### Problem description
The material below holds the lines to copy: from the one with "小樽ビール　 専用ギフトBOX（6本用）　化粧箱　贈り物" up to and including the one with "Рассказываем подробно об". Copy them exactly and skip the pictures.

++++ Data for this exercise ++++

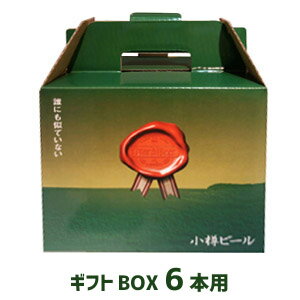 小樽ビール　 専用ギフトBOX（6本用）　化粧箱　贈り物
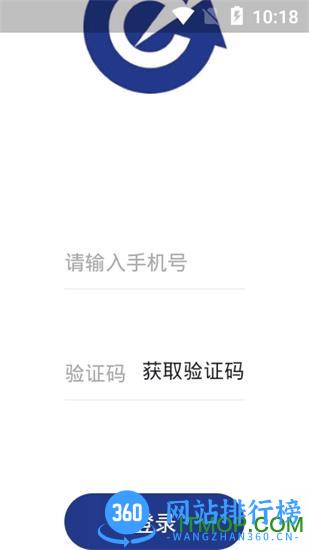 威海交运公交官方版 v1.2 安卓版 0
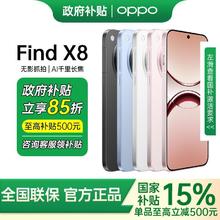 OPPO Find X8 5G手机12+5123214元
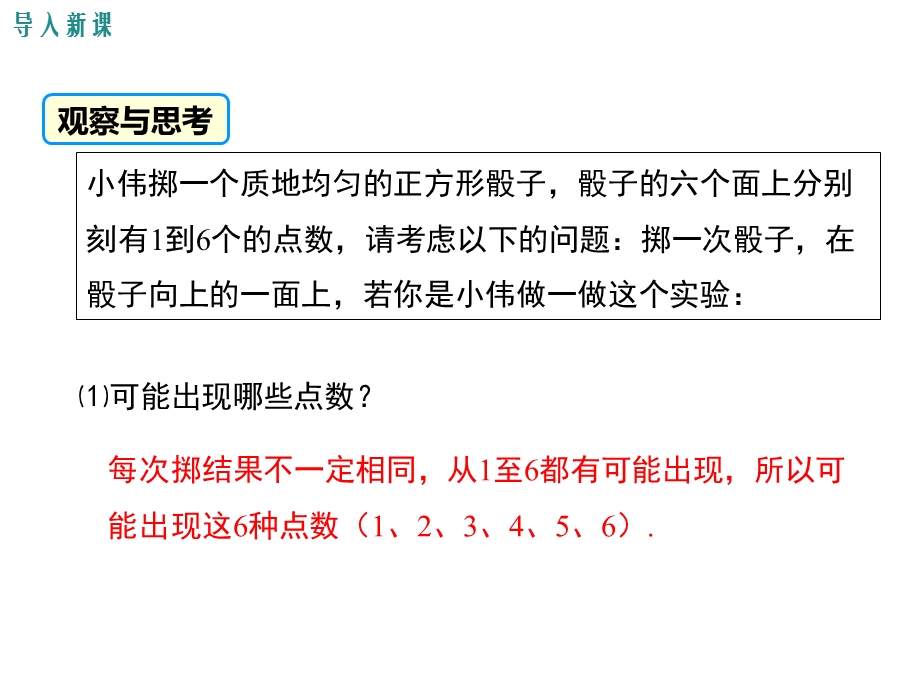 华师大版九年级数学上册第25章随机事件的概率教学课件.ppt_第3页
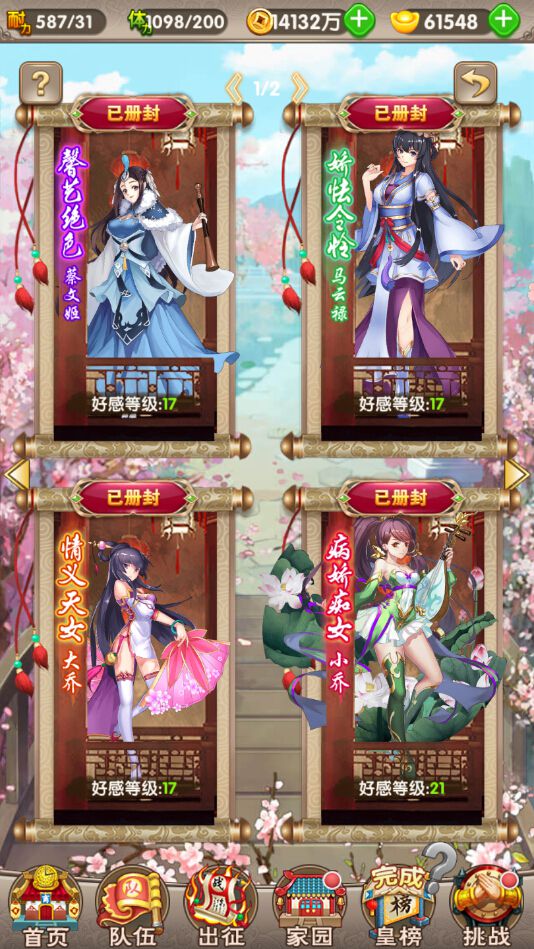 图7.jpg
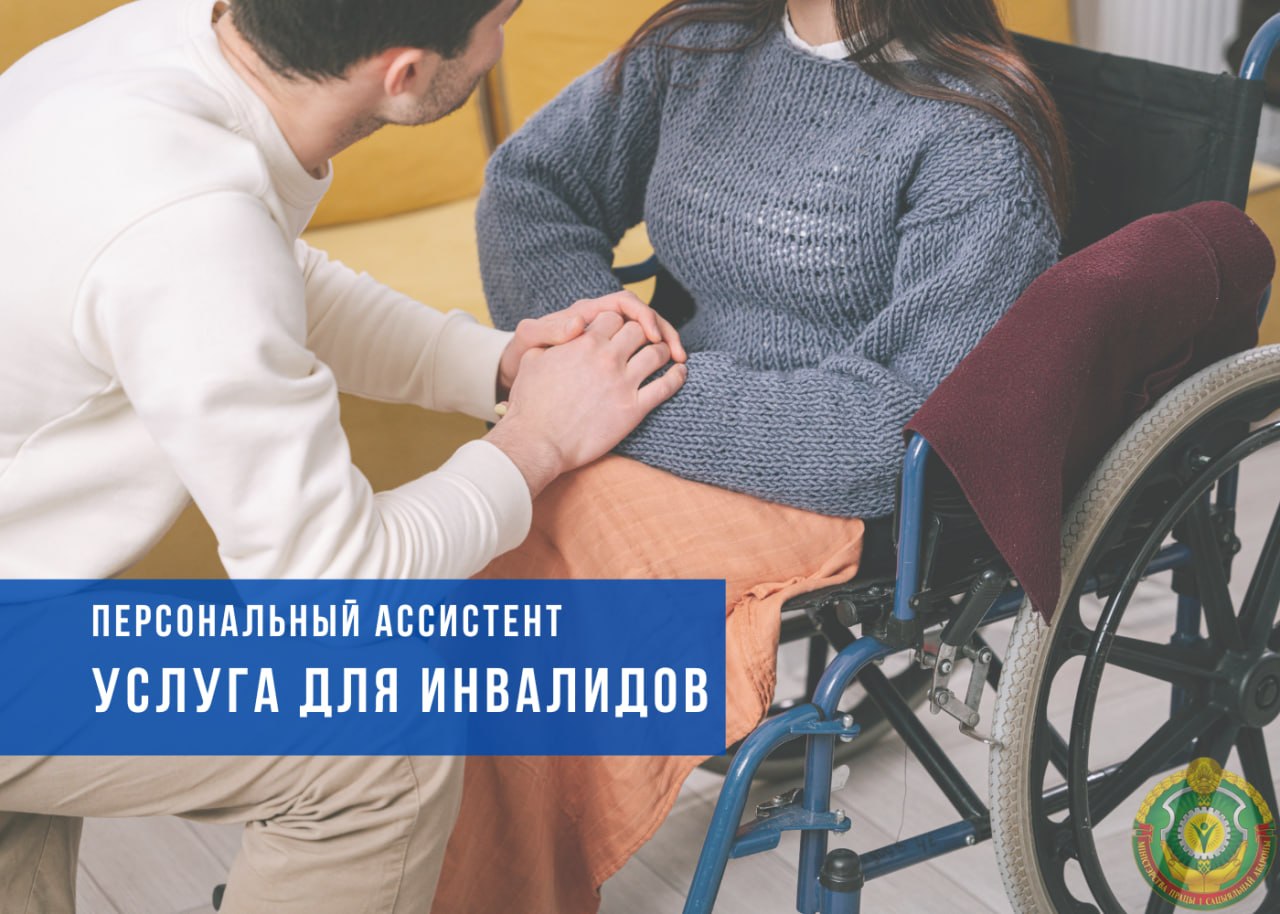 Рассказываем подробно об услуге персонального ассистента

++++
++++ Data for this exercise ++++

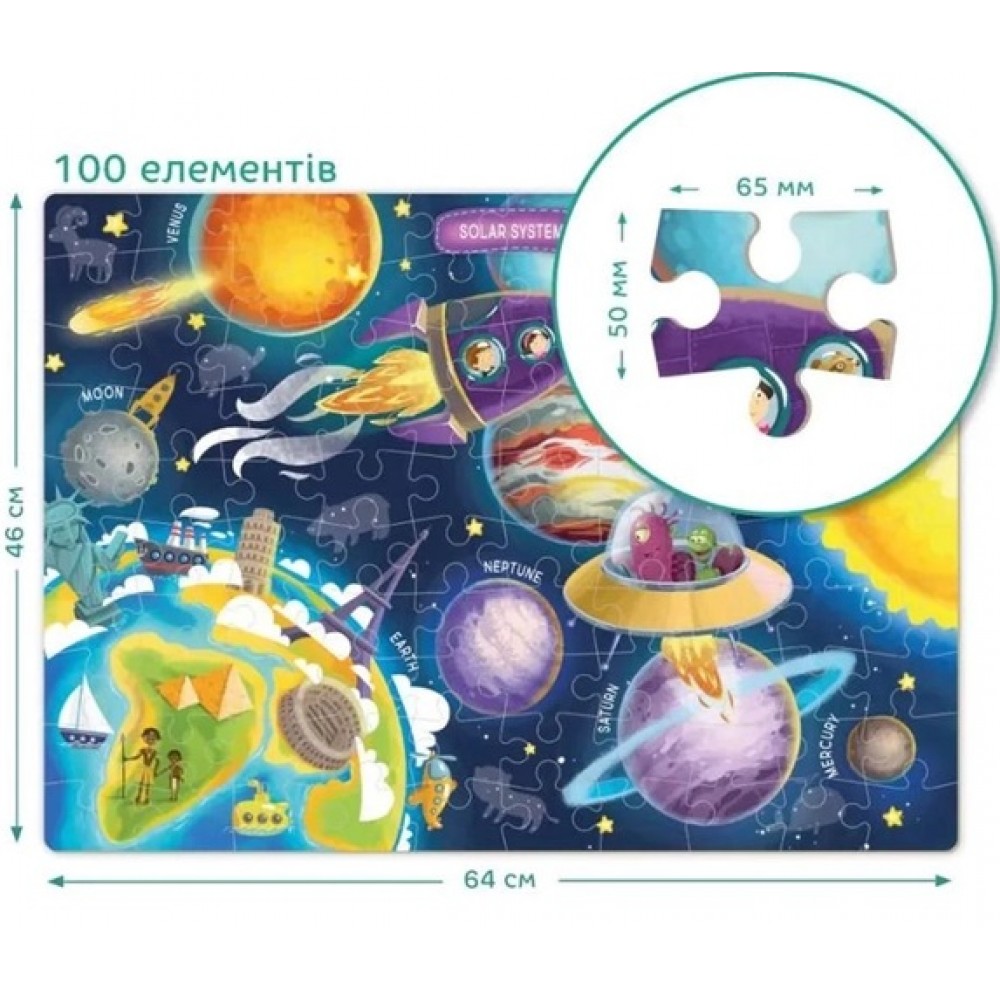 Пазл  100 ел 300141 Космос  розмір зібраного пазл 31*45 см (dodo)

++++
++++ Data for this exercise ++++

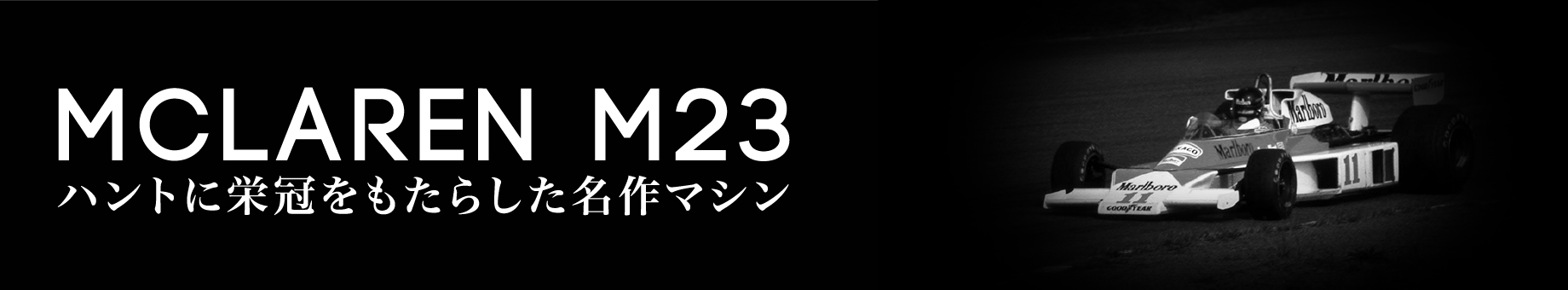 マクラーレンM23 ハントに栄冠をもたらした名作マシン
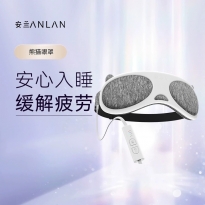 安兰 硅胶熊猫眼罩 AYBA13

++++

### Answer below
 小樽ビール　 専用ギフトBOX（6本用）　化粧箱　贈り物
 威海交运公交官方版 v1.2 安卓版 0
 OPPO Find X8 5G手机12+5123214元
 华师大版九年级数学上册第25章随机事件的概率教学课件.ppt_第3页
 图7.jpg
 Рассказываем подробно об услуге персонального ассистента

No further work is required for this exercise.